Basseterre, St. Kitts, (SKNIS) — St. Kitts and Nevis Prime Minister the Right Honourable Dr. Denzil Douglas has assured that plans to upgrade the Mary Charles Hospital in Molineux, into a tertiary-level health institution, will come to fruition in the very near future.
“The physical outlay of this facility has to be improved and will be improved,” Prime Minister Douglas emphasized. “We need to extend the services to include radiological services as well and be able to do limited blood works as part of the diagnostic batch of tests that we provide from this facility.”
Prime Minister Douglas made these remarks during his Out and About series, when he dialogues with the staff of various establishments. On this occasion he took the opportunity to meet with the three patients at the Mary Charles Hospital.
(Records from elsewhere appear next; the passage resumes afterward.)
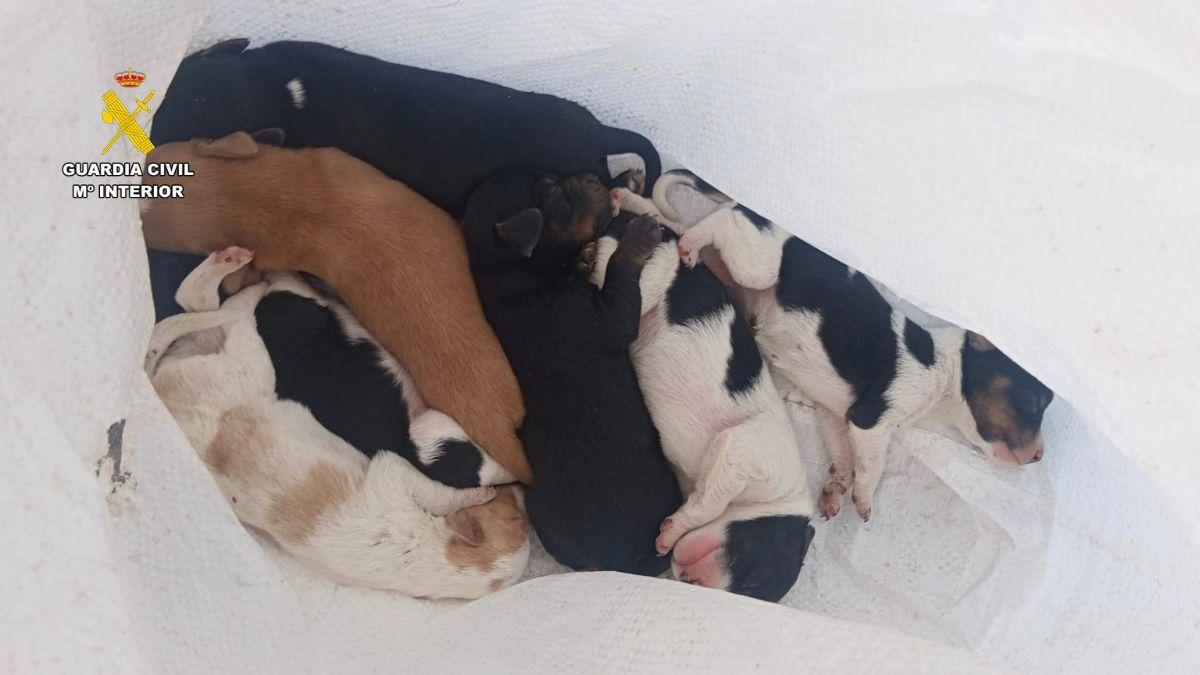Investigan a un hombre por abandonar siete cachorros vivos dentro de un contenedor en Cáceres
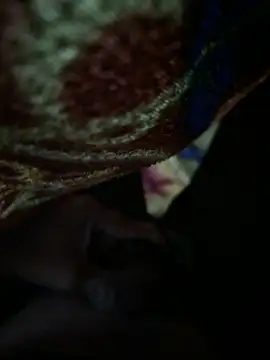 1995Pk online show from September 29, 2025, 6:24 pm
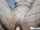 camgirl amateur solo
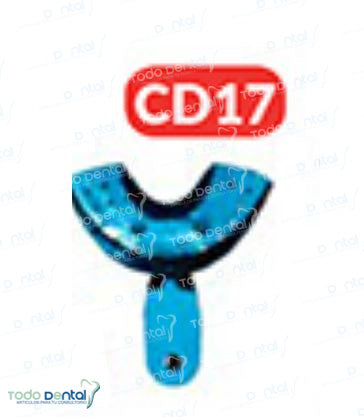 Cucharilla anterior inferior
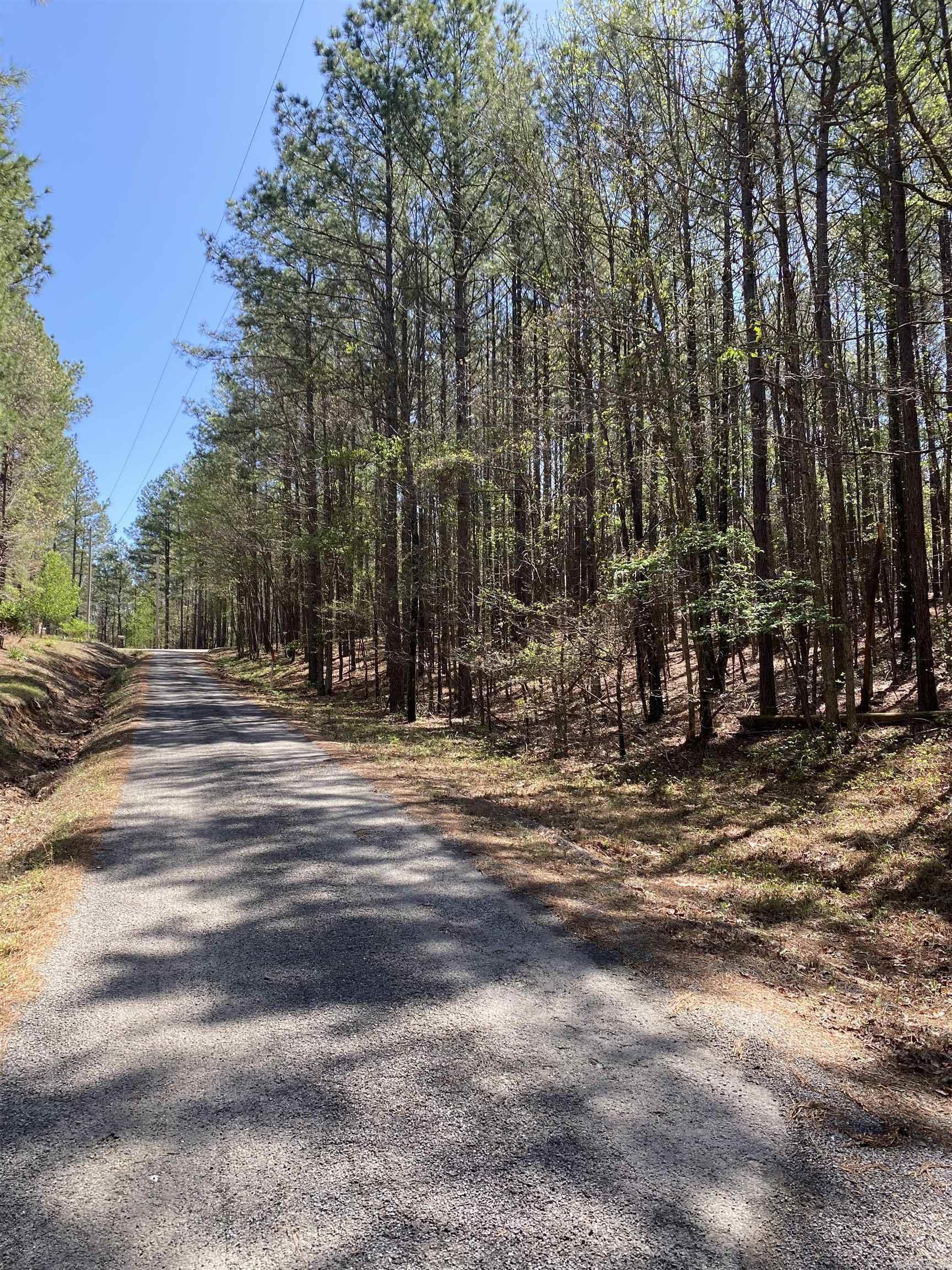 Woodland Springs - Land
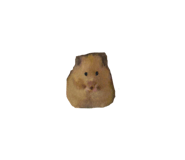 839677398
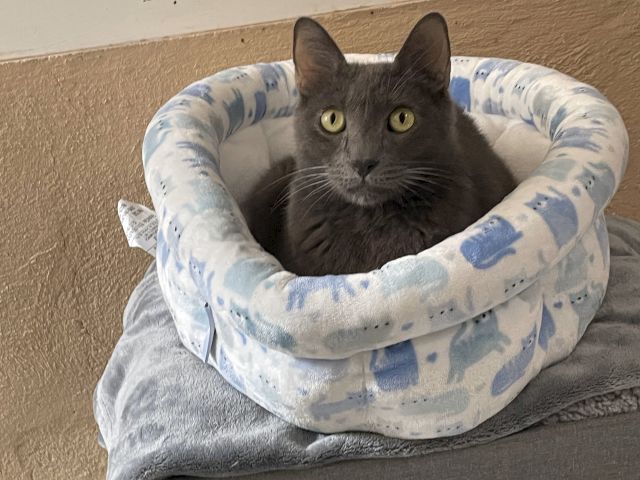 A gray cat with bright yellow eyes curled up in a blue-and-white pet bed, looking straight at the camera.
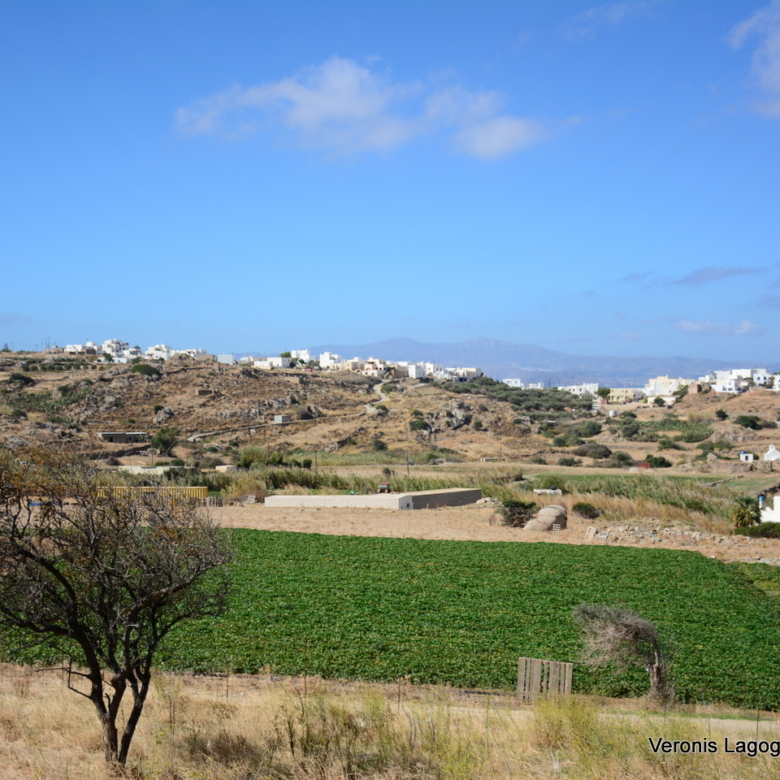 Γαλανάδο Νάξος / Οικόπεδο 1000m2 / 640691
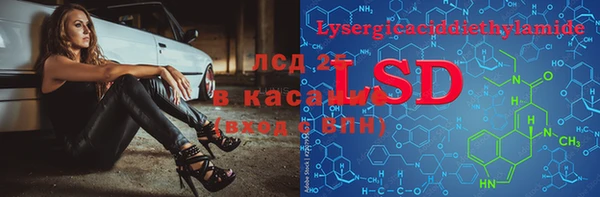 PSILOCYBIN Семёнов
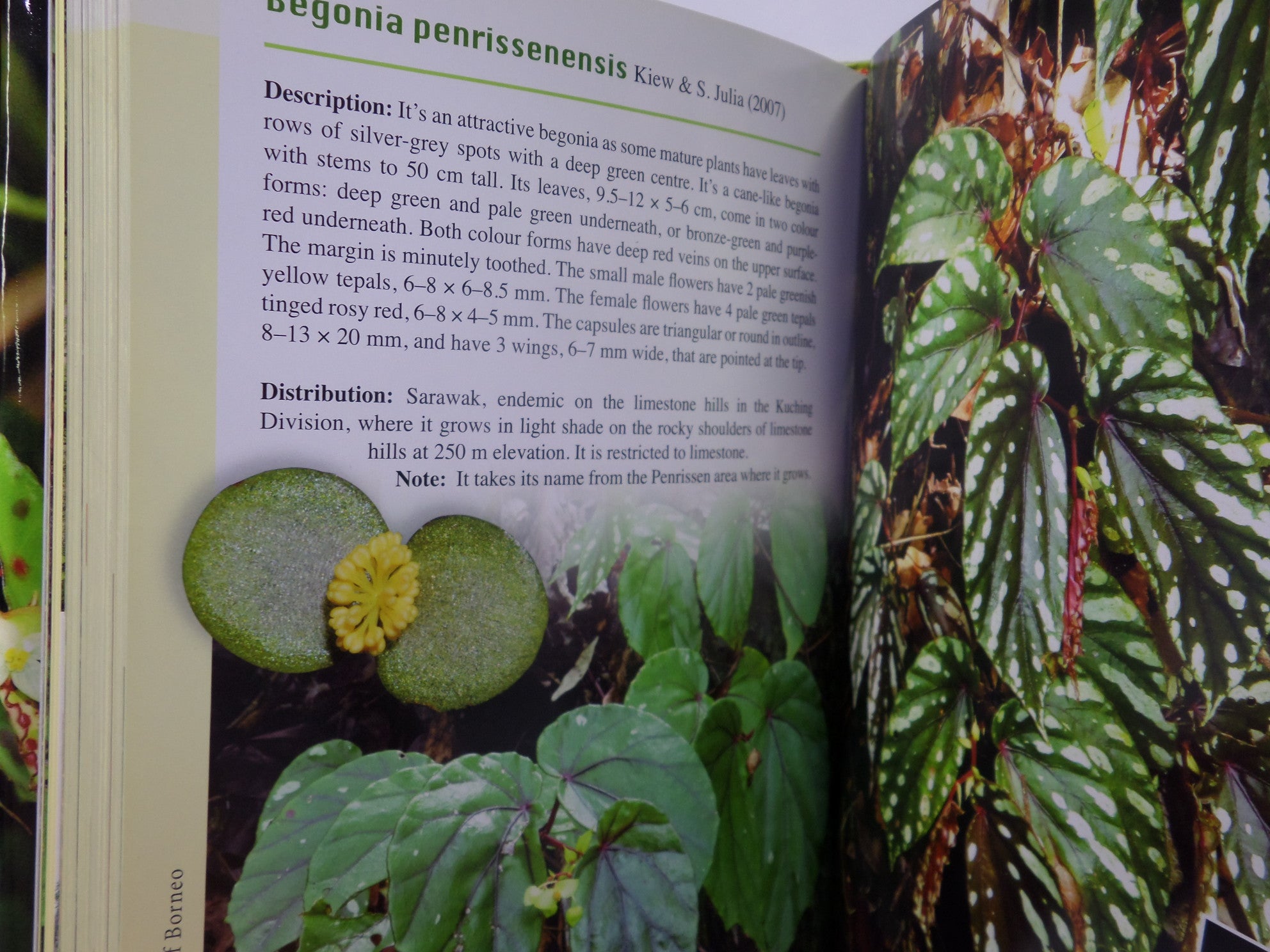 A GUIDE TO BEGONIAS OF BORNEO BY RUTH KIEW 2015 HARDCOVER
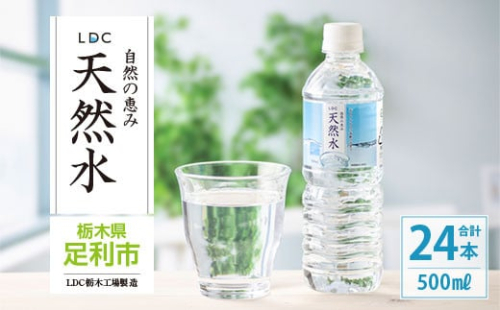 水 ミネラルウォーター 天然水 500ml 24本 お水 飲料水 軟水で飲みやすい 備蓄品としてもオススメ  F7Z-412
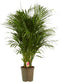 Goudpalm ↨ 110cm - hoge kwaliteit planten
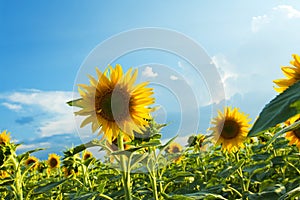 field of sunflowers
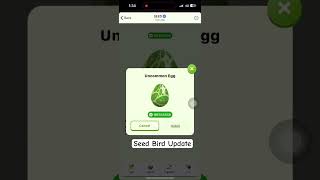 Seed Bird Update [upl. by Nefen]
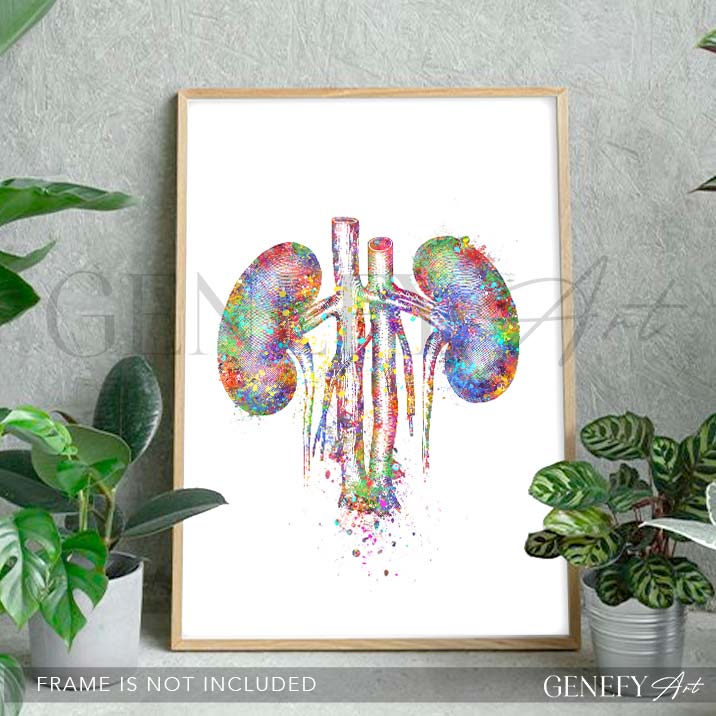 Kidneys Anatomy Watercolour Art Print
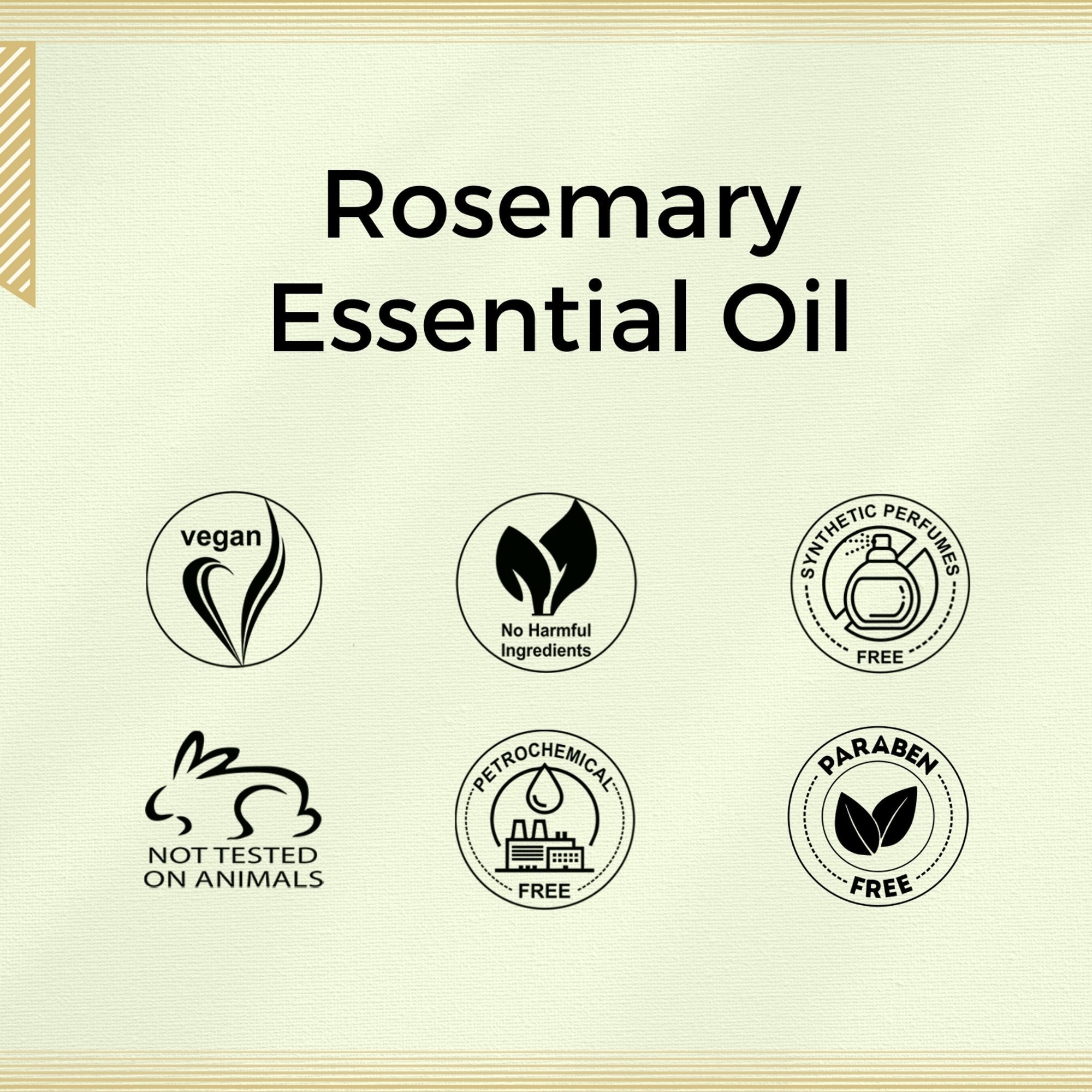Aroma Treasures Rosemary Pure Essential Oil - Distacart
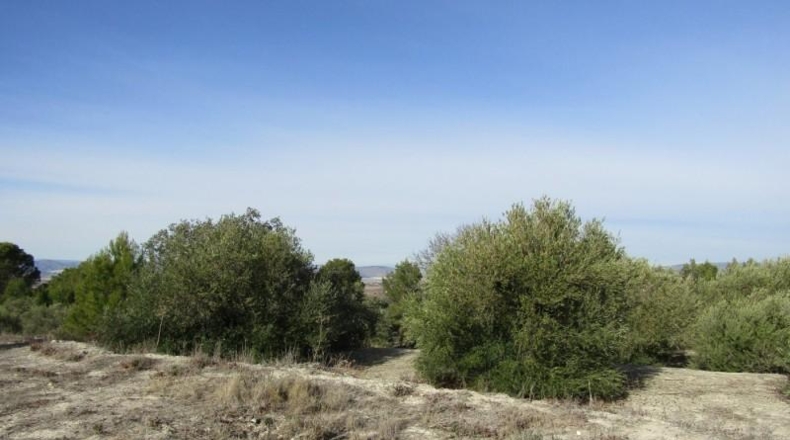 València - Ráfol de Salem - 13262m2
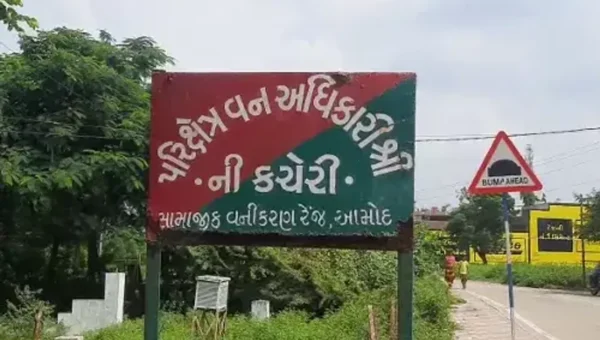 ભરૂચ: ઇખર ગામે સસલાનો શિકાર કરનાર 7 લોકોને વન વિભાગે રૂ.1.75 લાખનો દંડ ફટકાર્યો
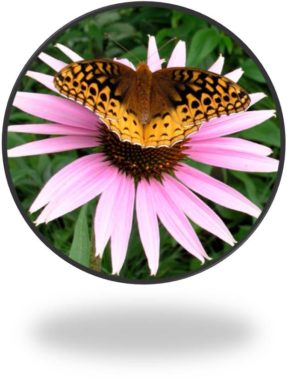 Butterfly on Flower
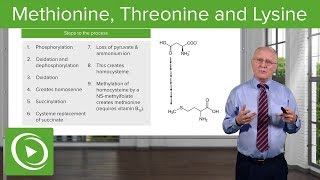 Methionine Threonine and Lysine Metabolism – Biochemistry  Lecturio [upl. by Oirram]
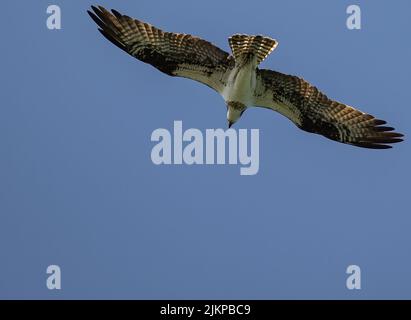 Eine Aufnahme eines Fischadler-Vogels, der an einem sonnigen Tag gegen den blauen Himmel fliegt Stockfoto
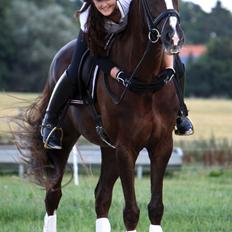 Dansk Varmblod Toftegaards Catwalk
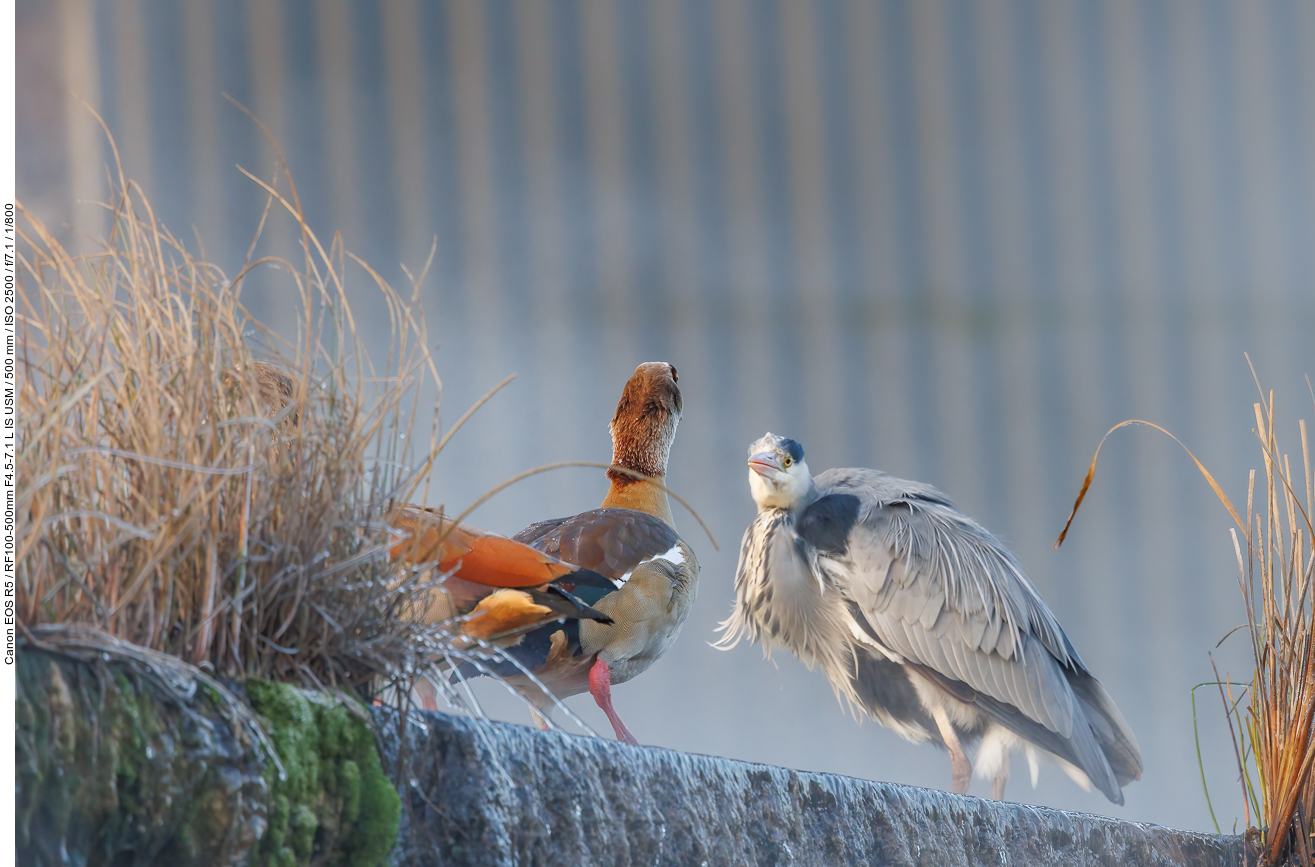 ... kommt ihm eine Nilgans zu nahe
It was further emphasized that as an integrated health care structure, Mary Charles would be scaled up to provide tertiary-level health care, similar to what takes place at the Pogson Medical Centre. Mention was also made of the professionalism of the doctors who service the hospital, specifically Dr. Bassey Udo, Dr. Garfield Alexander and Dr. Vance Gilbert.
Minister of Health Honourable Marcella Liburd further noted that improving one’s surroundings was an important aspect of maintaining one’s health.
“We have to remember it will also have the environmental aspect of it, in terms of the integration,” Minister Liburd stressed. “This is so that we have a one-stop-shop in terms of the treatment, in terms of the primary care that the health centre usually provides for the surrounding communities from Keys to Saddlers and also the environmental aspect of it which is extremely important. As we always say, the state of our environment, really in large measure determines the state of our health.”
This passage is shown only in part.